When I've rented privately there hasnt been a contract. 
Here in Calabria we rented without an agency and no contract. But things werent done like hot water and electricity. So you do have to be smart and check things because its hard to live for weeks without some things. We werent asked for any deposit, maybe because they knew things werent quite right.

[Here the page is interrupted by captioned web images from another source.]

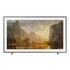 Samsung The Frame 4K 75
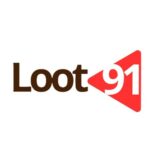 Loot91: India’s Emerging Deal Hub for Indian Shoppers – A Complete In-Depth Review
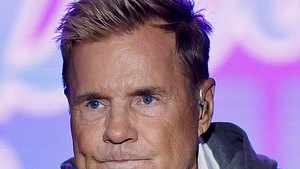 Dieter Bohlen - Foto: IMAGO / Panama Pictures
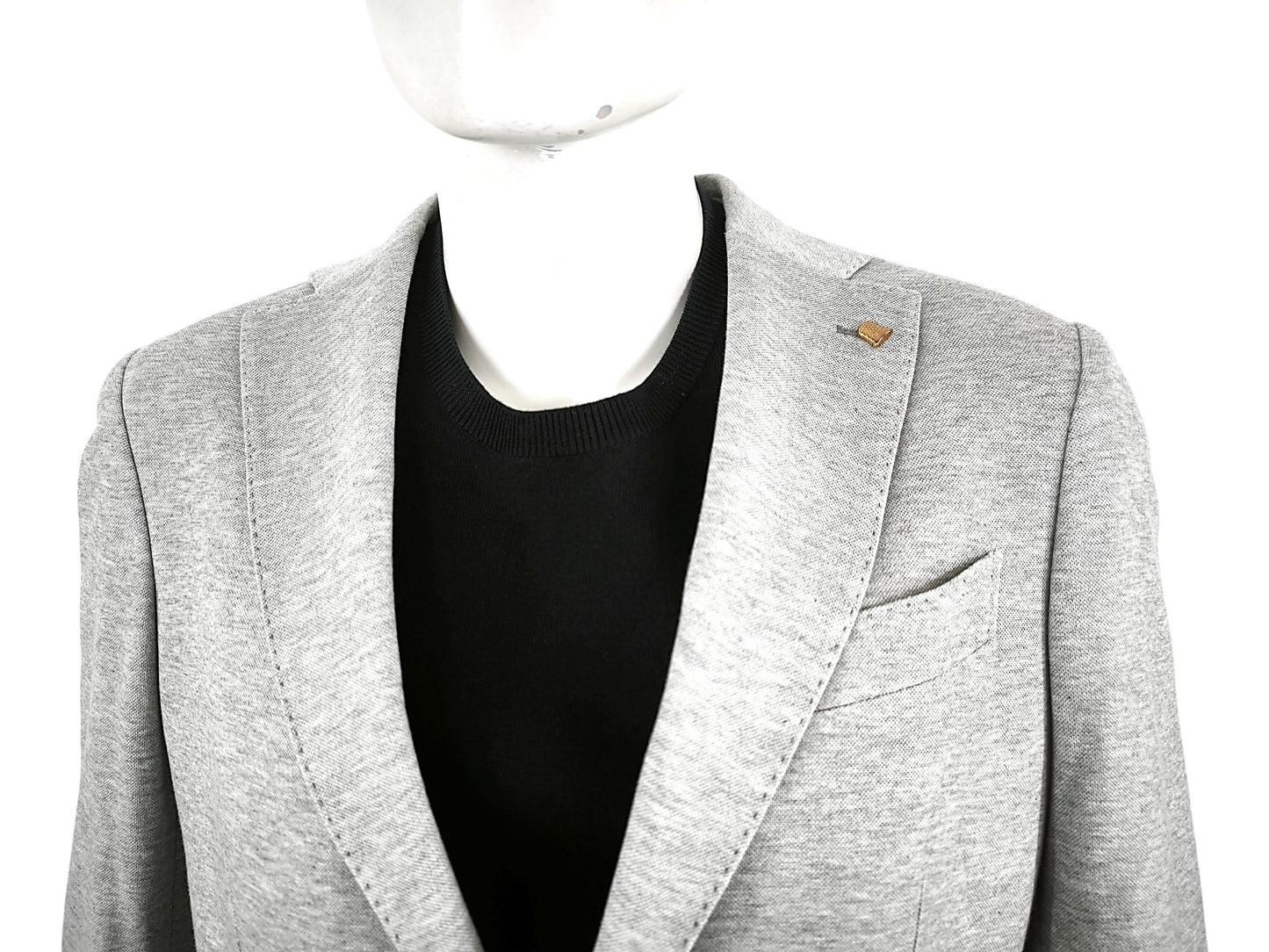 Latorre Cotton Blazer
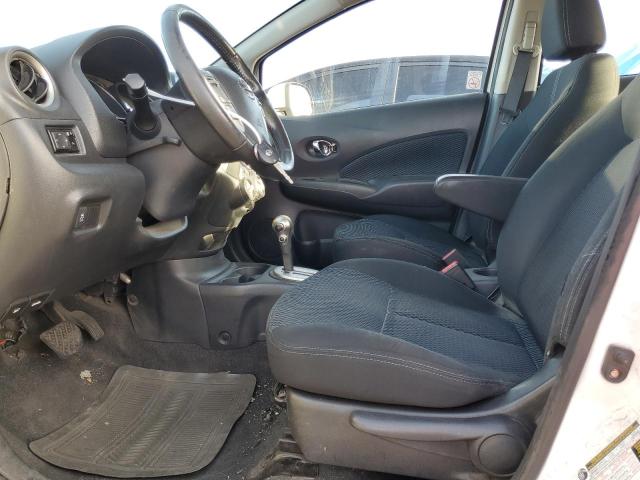 Photo 6 VIN: 3N1CE2CP8EL383945 - NISSAN VERSA 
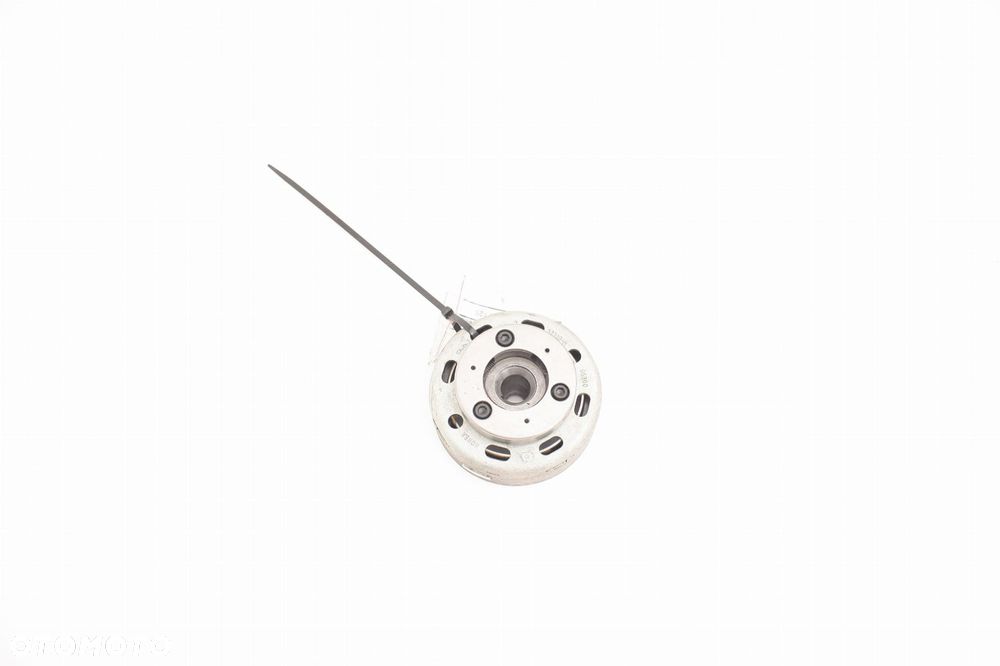 KOŁO MAGNESOWE MAGNETO Hyosung GA 125 - 1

I rented a sweet little apartment in Rome for a year that a friend of an aquaintance knew about, no contract or deposit. I had been renting a room, so I was grateful to get my own place. It didnt have hot water in the kitchen, just in the little bath tub and there was no washing machine. 
It was on the 5th floor (no elevator) and the utilities and condo fee were high.
The heating was controled centrally, which is comman in Rome -- it began in mid November and stopped in mid April. It was turned on in our building from 4:30 in the afternoon until 7:30 evenings and then again in the morning for a short time. 
I learned to wash clothes out daily and let them dry during those times on the radiator.

They decided to renovate the apartment and asked me to leave but generously offered to me my last month rent free and gave me notice a full month and a half before.

I really enjoyed living in Rome for three years and spent many hours of my days there walking and going into the all the beautiful churches.

I hope you find it as wonderful a city as I did.


----------